YOUR TASK:
Would you reproduce, word for word, only the lines running from the top of the data through the line containing "虚怀若谷打一准确生肖?答案让你大吃一惊!", and none of the pictures?

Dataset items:
___
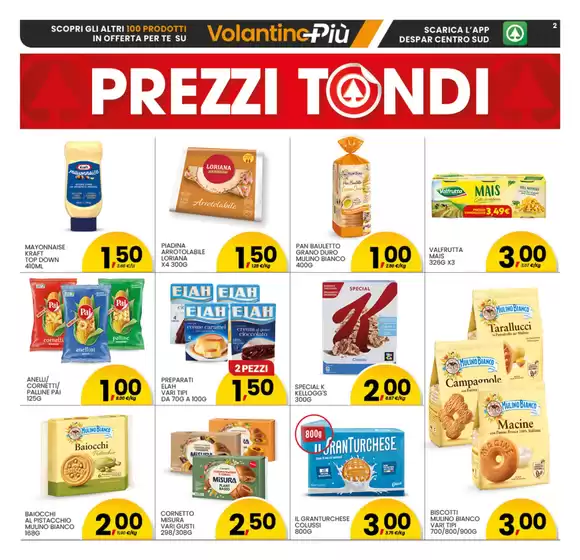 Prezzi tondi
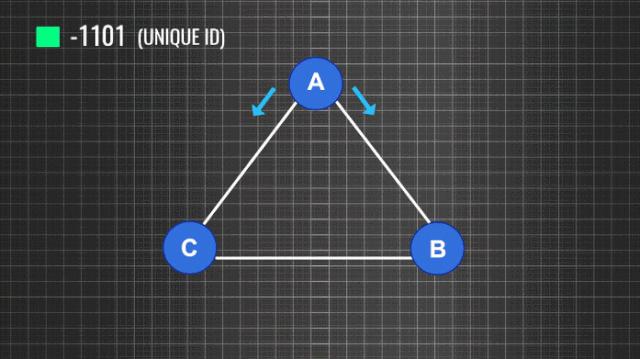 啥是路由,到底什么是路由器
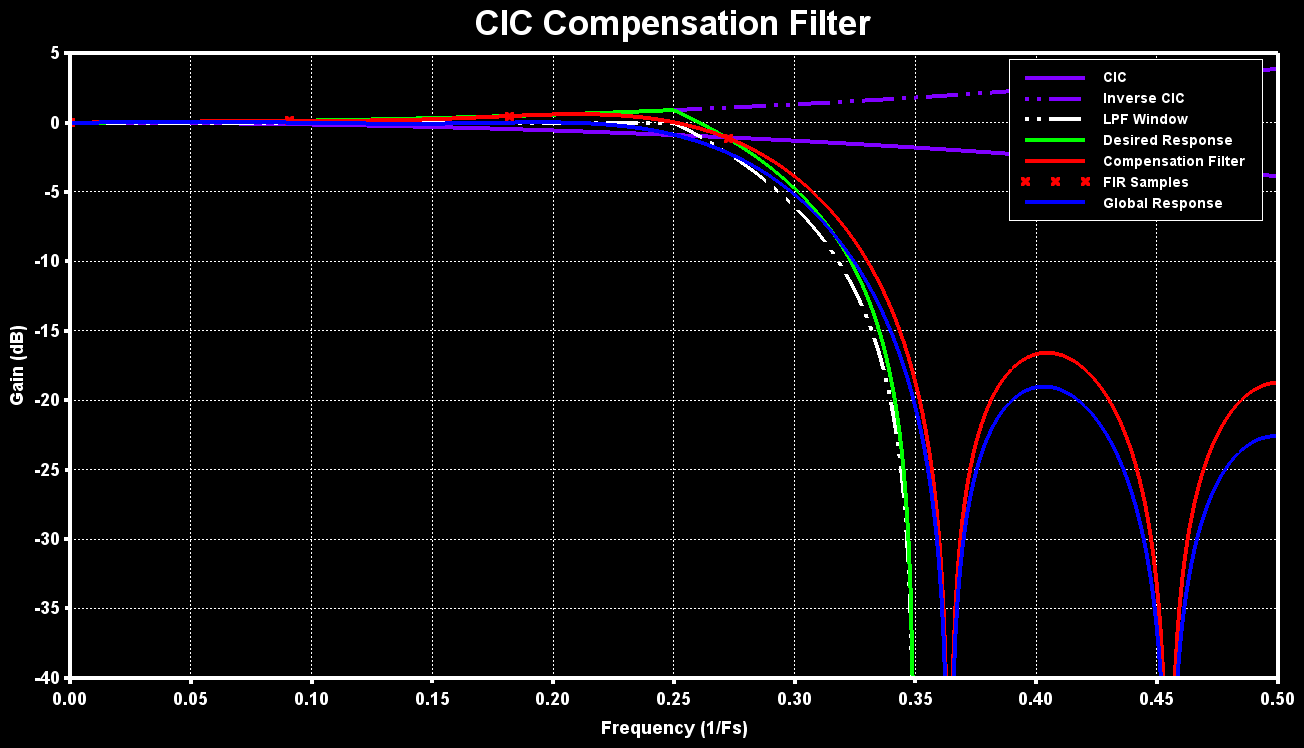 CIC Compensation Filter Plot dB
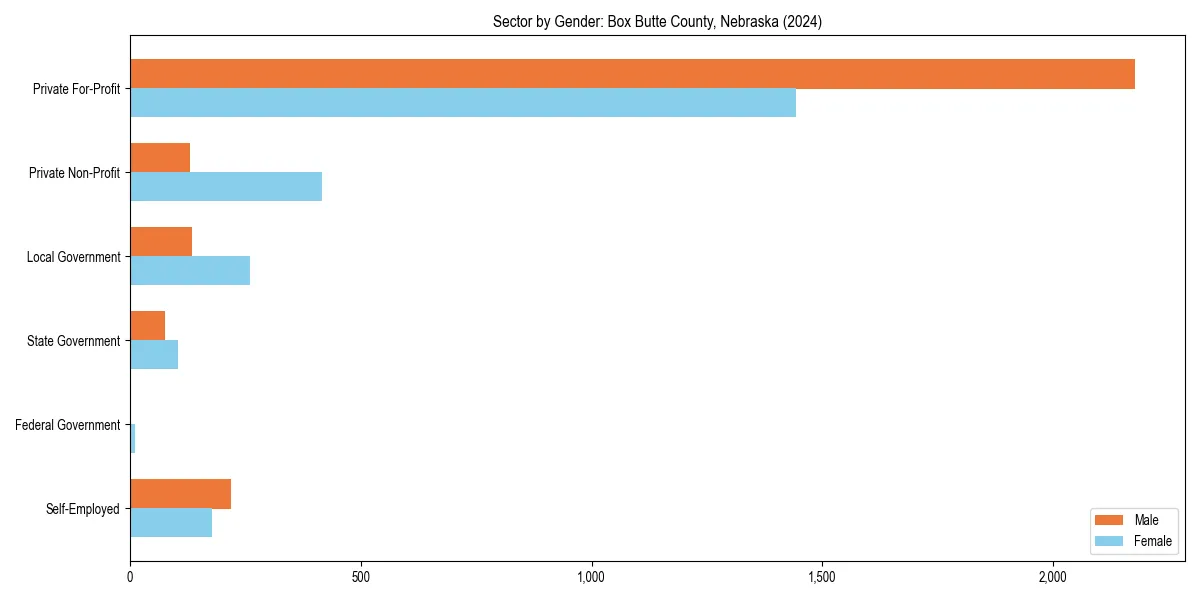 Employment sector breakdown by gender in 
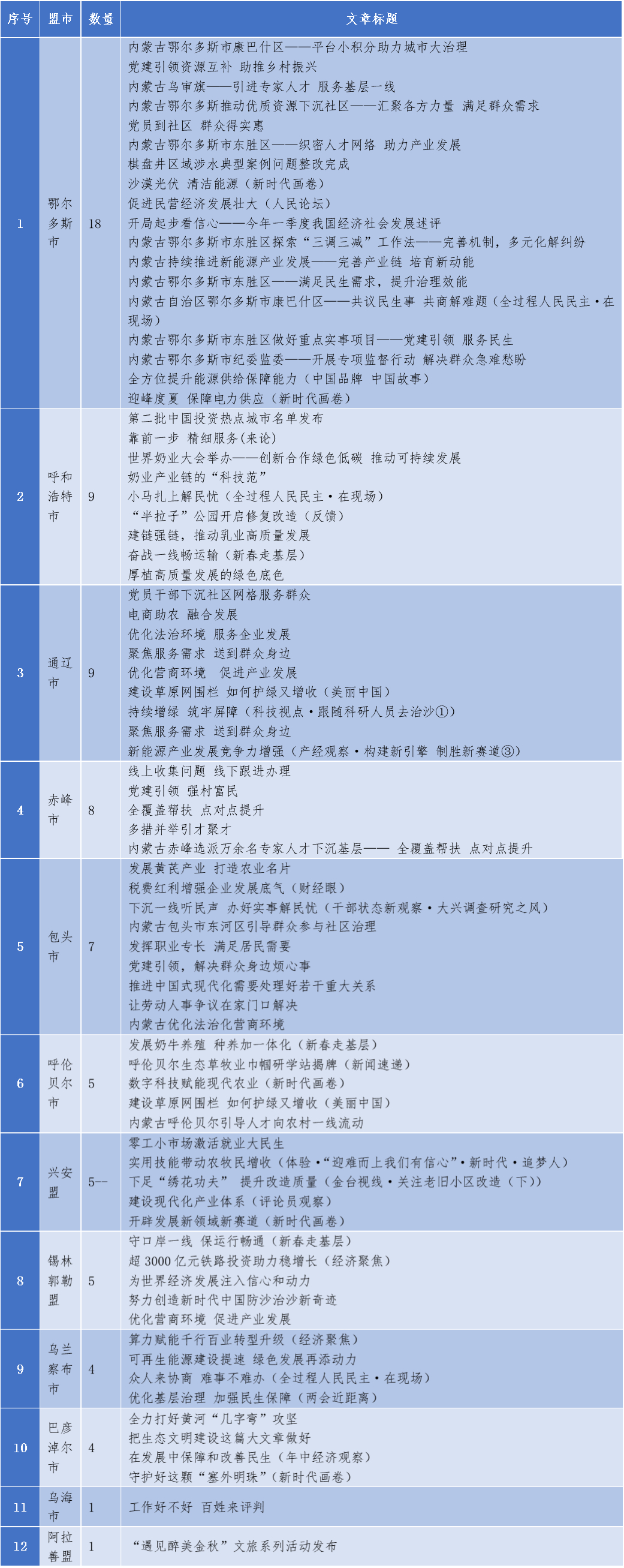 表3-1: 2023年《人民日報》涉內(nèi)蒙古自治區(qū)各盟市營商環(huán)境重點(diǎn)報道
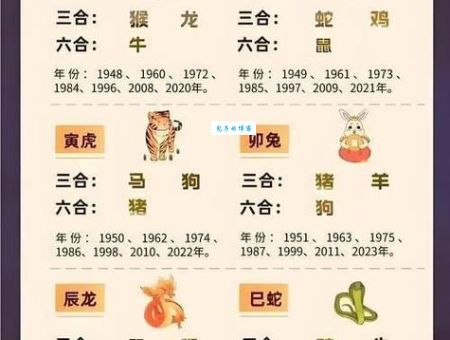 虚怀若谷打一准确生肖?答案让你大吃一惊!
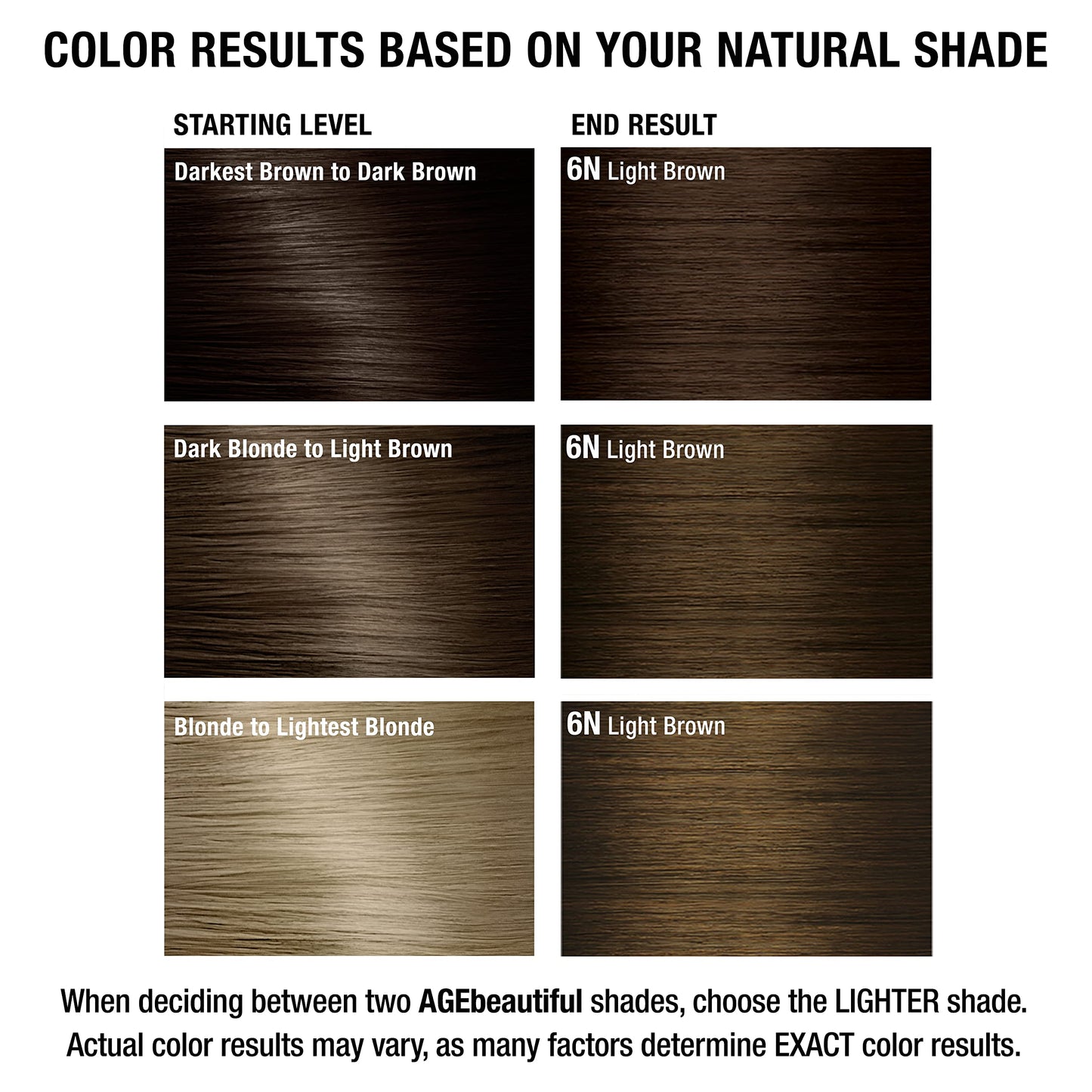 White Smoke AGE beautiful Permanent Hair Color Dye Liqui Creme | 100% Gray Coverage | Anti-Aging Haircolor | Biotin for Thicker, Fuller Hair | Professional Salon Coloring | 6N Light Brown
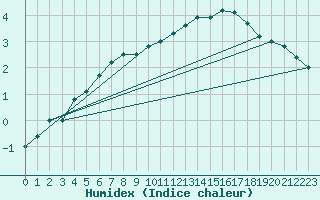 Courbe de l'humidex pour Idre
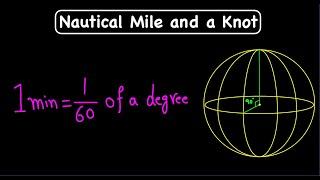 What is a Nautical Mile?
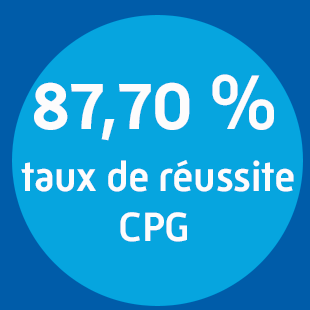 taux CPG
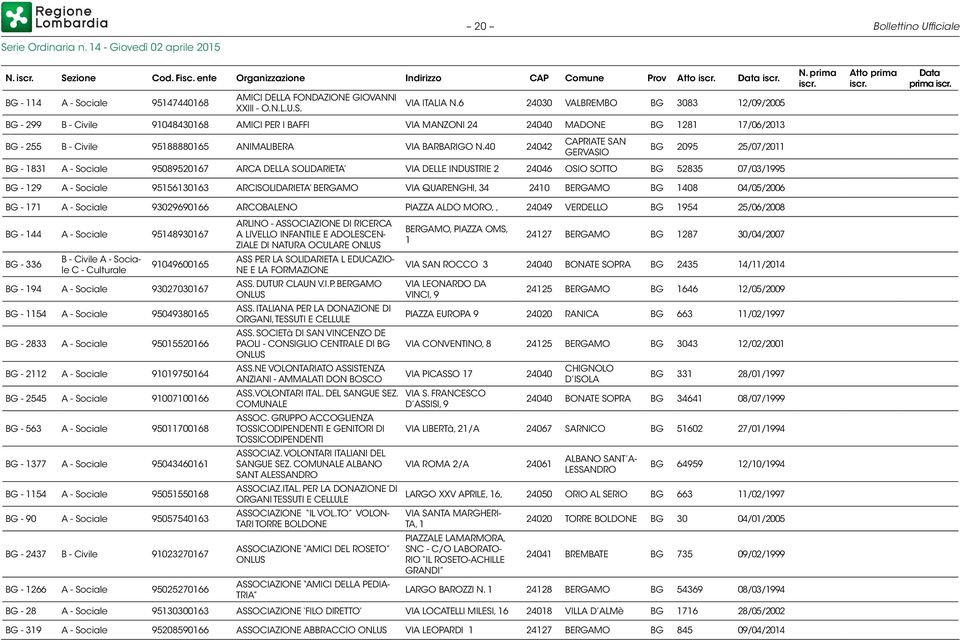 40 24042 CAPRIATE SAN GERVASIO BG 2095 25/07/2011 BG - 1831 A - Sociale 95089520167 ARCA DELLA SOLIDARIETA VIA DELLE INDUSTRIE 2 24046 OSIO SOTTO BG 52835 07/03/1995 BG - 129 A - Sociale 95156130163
___
ANSWER SPACE:
 Prezzi tondi
 啥是路由,到底什么是路由器
 CIC Compensation Filter Plot dB
 Employment sector breakdown by gender in 
 表3-1: 2023年《人民日報》涉內(nèi)蒙古自治區(qū)各盟市營商環(huán)境重點(diǎn)報道
 虚怀若谷打一准确生肖?答案让你大吃一惊!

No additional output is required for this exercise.